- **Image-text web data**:

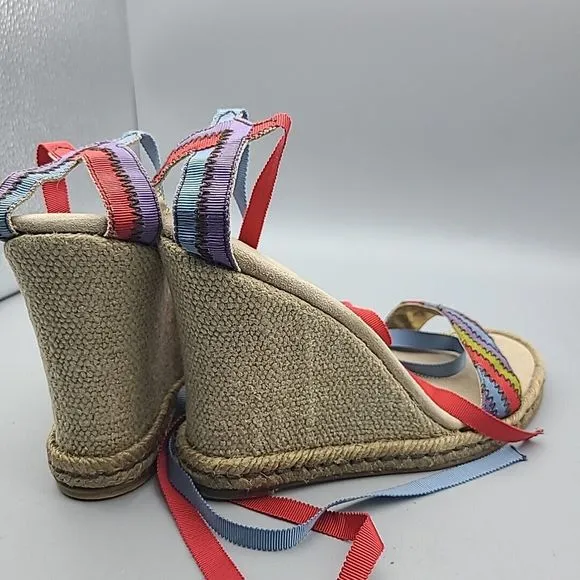 Marc Jacobs women sandals  Espadrilles wedge Platform laces shoes 8.5 9 39 New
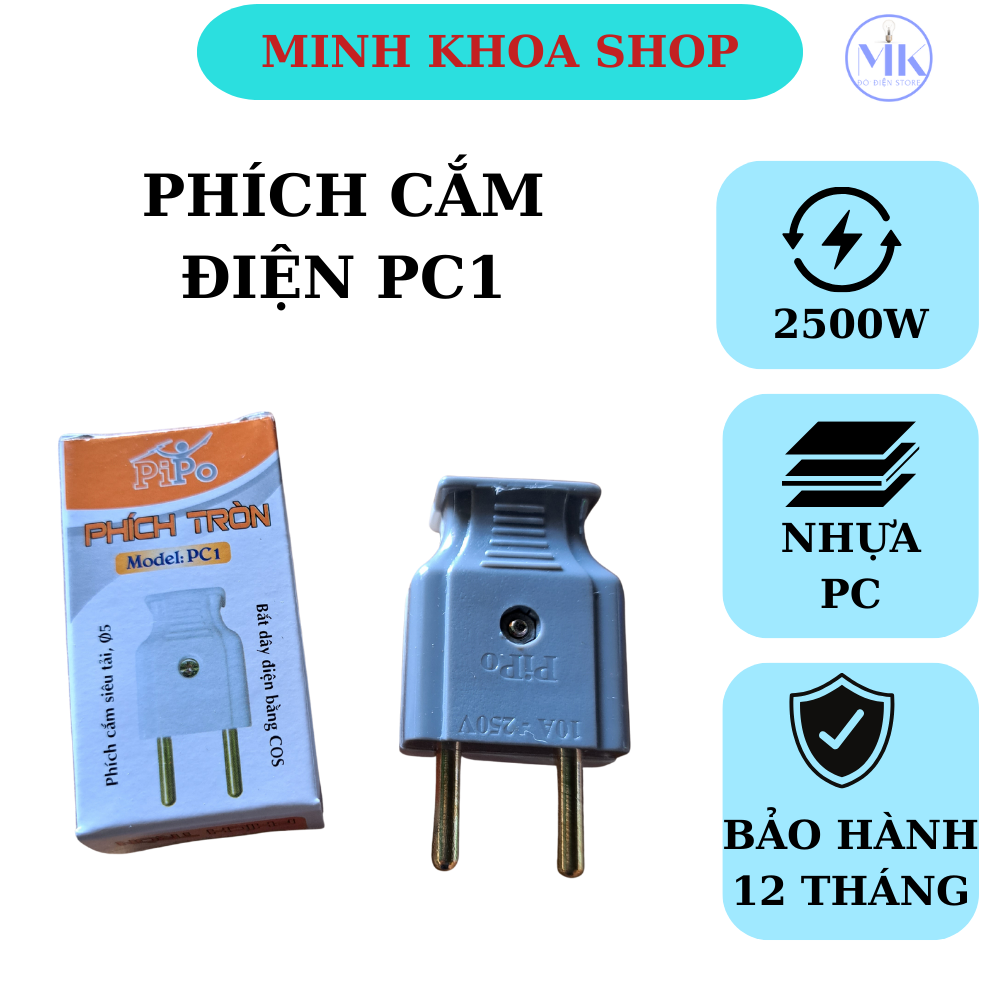 Phích Cắm Điện, Phích Cắm PIPO PC1 chịu tải 2500w, Nhựa PC chống cháy chống vỡ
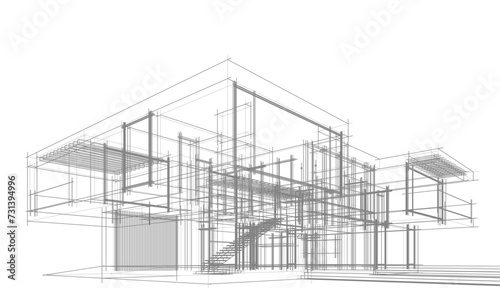 house building sketch architecture 3d illustration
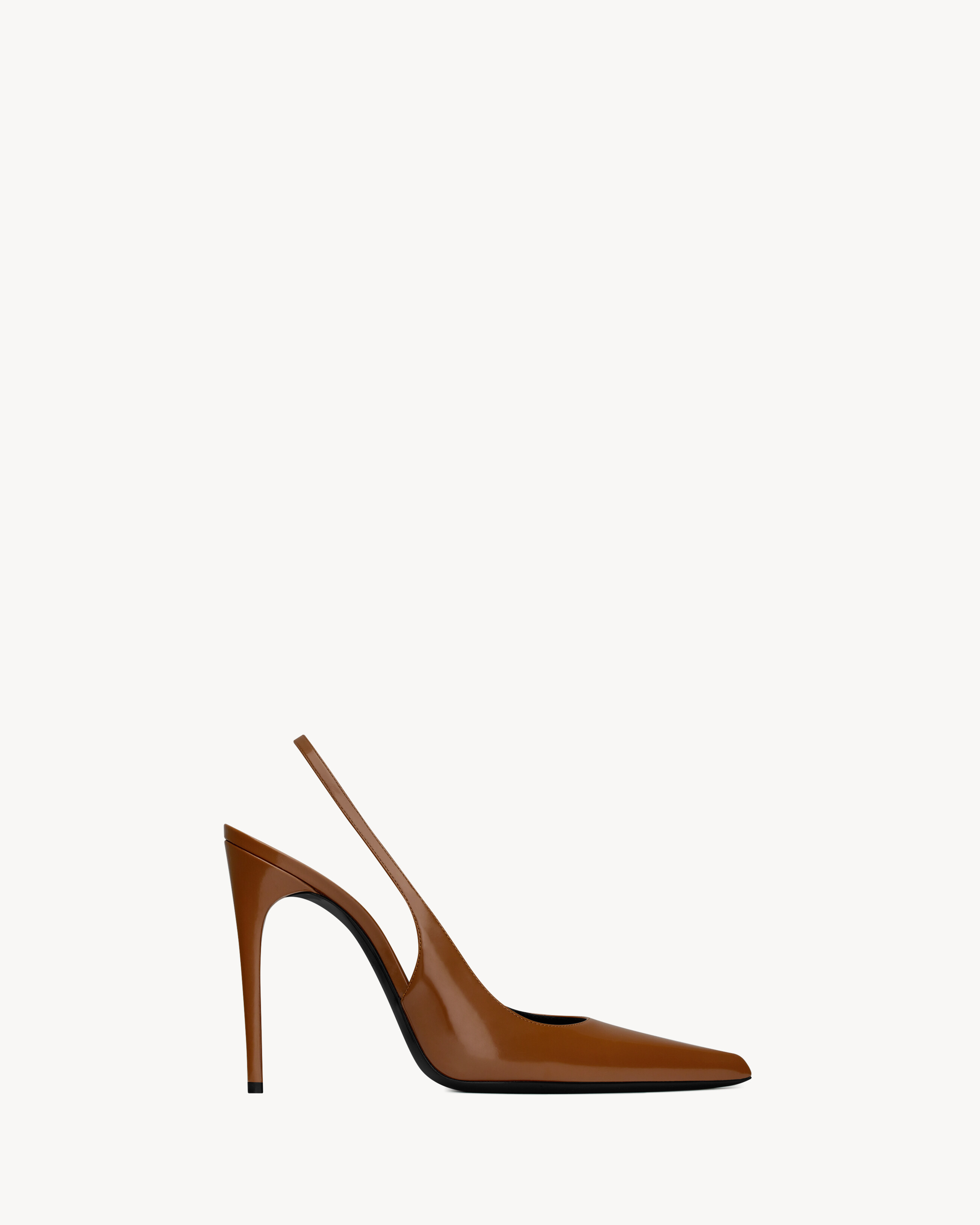 Saint Laurent - Zapatos De Salón Slingback Vendome De Piel Brillante - Ámbar - Mujer - 36
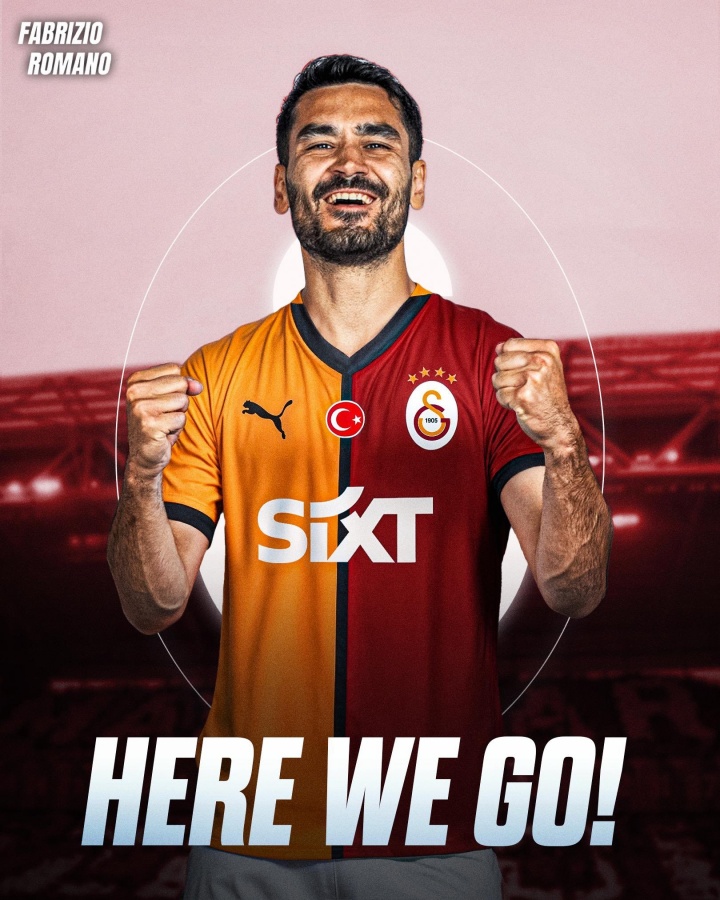 HWG！羅馬諾：曼城中場(chǎng)京多安免簽加盟加拉塔薩雷，雙方簽約2年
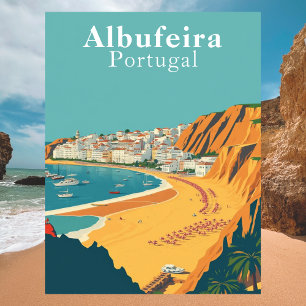 Carte Postale Albufeira, Portugal Art Rétro Européen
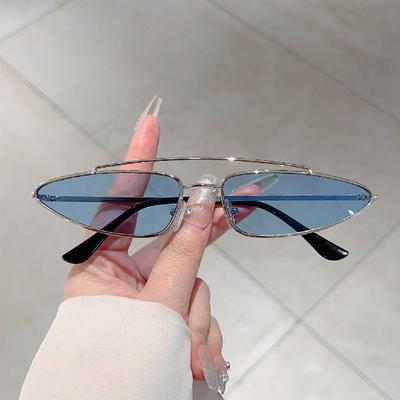 Triangle Shaped Sunglasses Men New Fashion Vintage Solid Color Sun Glasses Women Retro Double Bridge Brand Design Shades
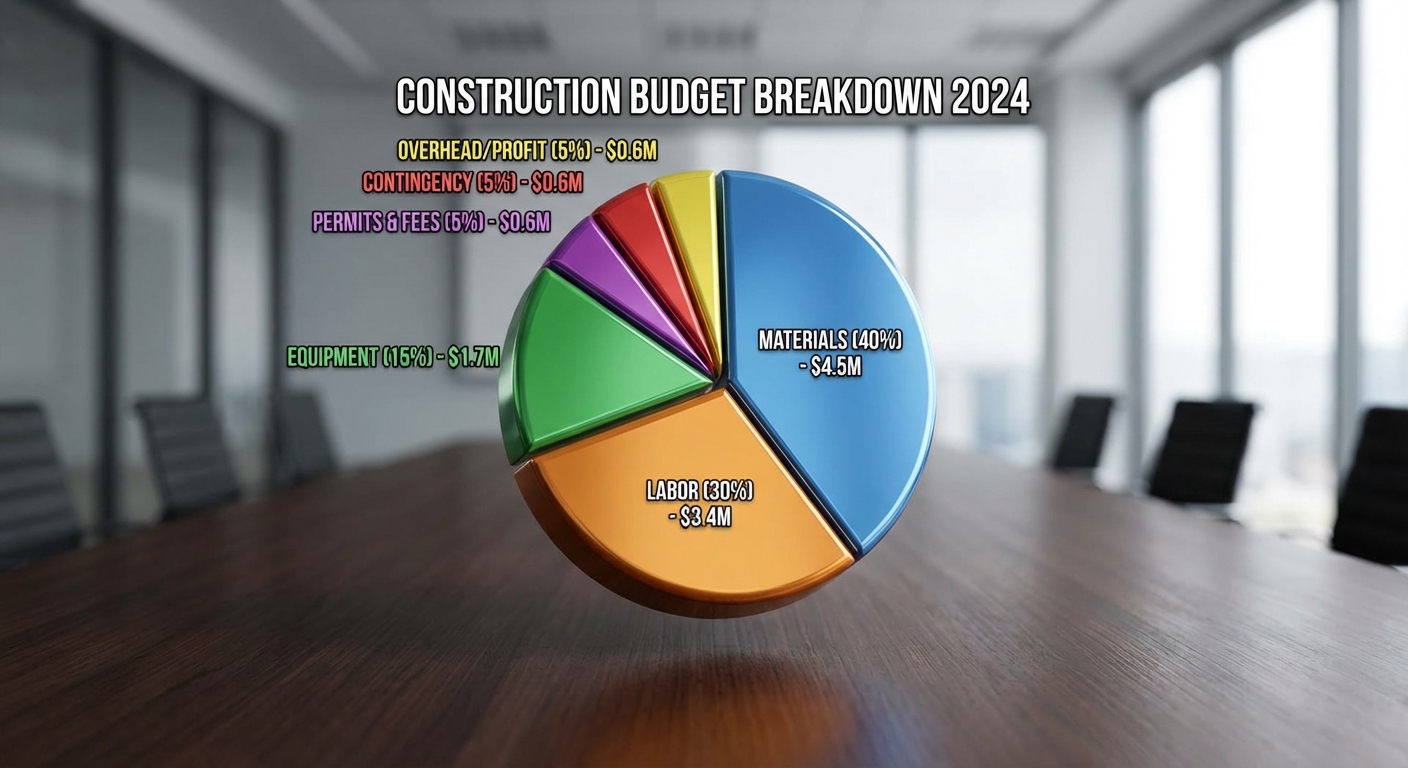 construction budget pie chart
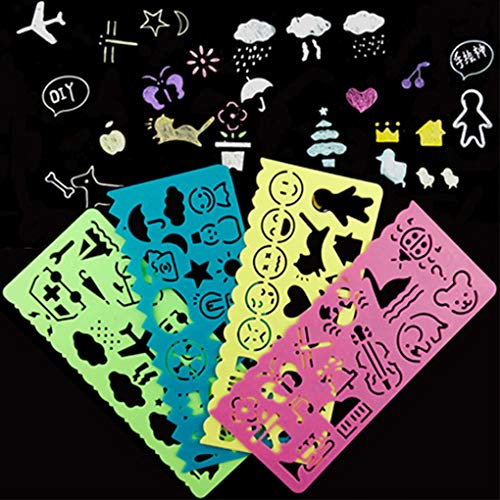 STKYGOOD Rainbow Scratch Paper Scratch Art Paper 50 Pcs Rainbow Sketch Pad Black Doodle Pad Scratch Painting with 5 Wooden Stylus 4 Drawing Molds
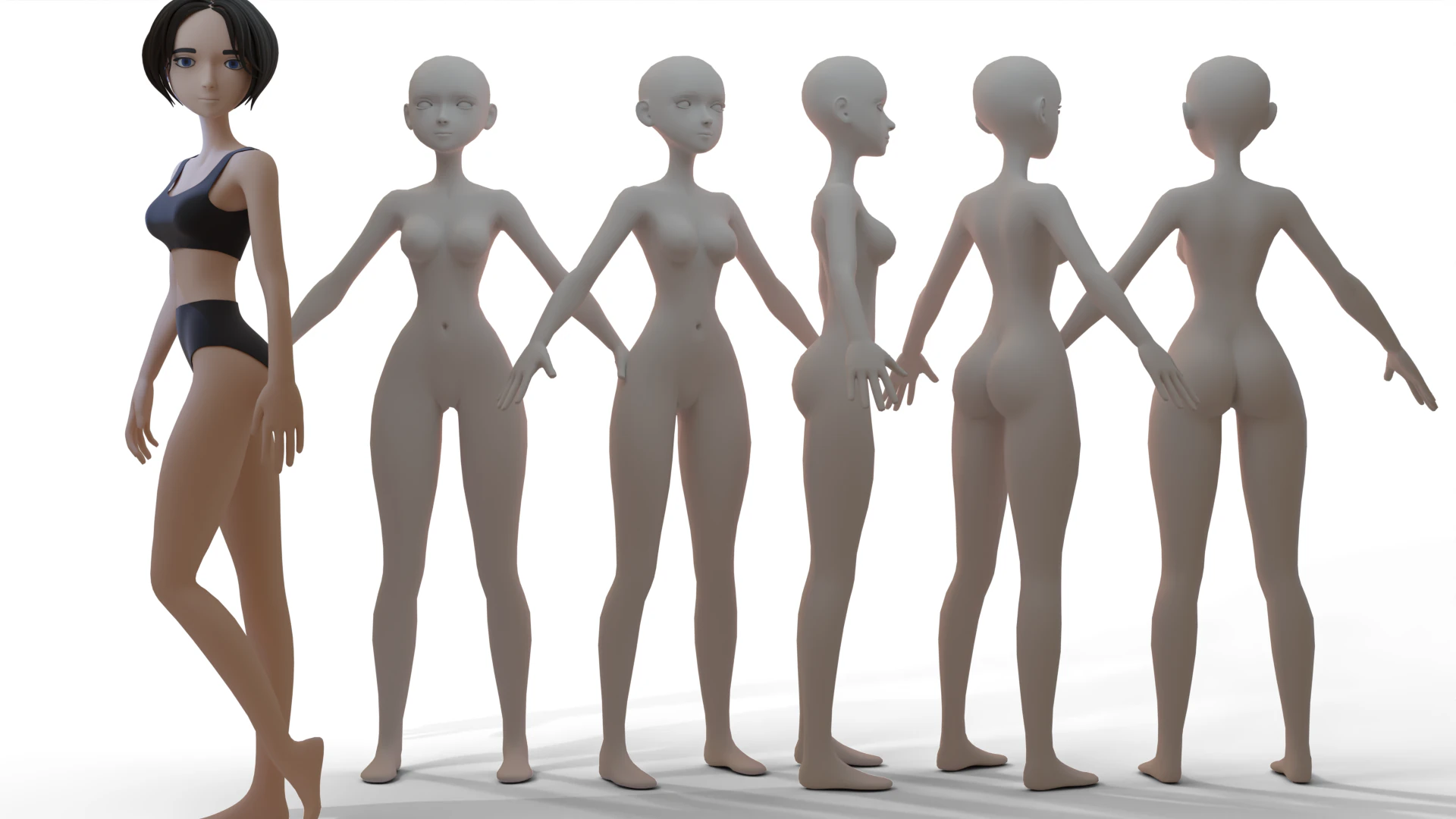 Girl Basemesh 3D Model .c4d .max .obj .3ds .fbx .stl .blend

- **Task brief**:
Write out the records above exactly as they appear, leaving out any pictures.

- **Response**:
 Marc Jacobs women sandals  Espadrilles wedge Platform laces shoes 8.5 9 39 New
 Phích Cắm Điện, Phích Cắm PIPO PC1 chịu tải 2500w, Nhựa PC chống cháy chống vỡ
 house building sketch architecture 3d illustration
 Saint Laurent - Zapatos De Salón Slingback Vendome De Piel Brillante - Ámbar - Mujer - 36
 HWG！羅馬諾：曼城中場(chǎng)京多安免簽加盟加拉塔薩雷，雙方簽約2年
 Carte Postale Albufeira, Portugal Art Rétro Européen
 Triangle Shaped Sunglasses Men New Fashion Vintage Solid Color Sun Glasses Women Retro Double Bridge Brand Design Shades
 construction budget pie chart
 STKYGOOD Rainbow Scratch Paper Scratch Art Paper 50 Pcs Rainbow Sketch Pad Black Doodle Pad Scratch Painting with 5 Wooden Stylus 4 Drawing Molds
 Girl Basemesh 3D Model .c4d .max .obj .3ds .fbx .stl .blend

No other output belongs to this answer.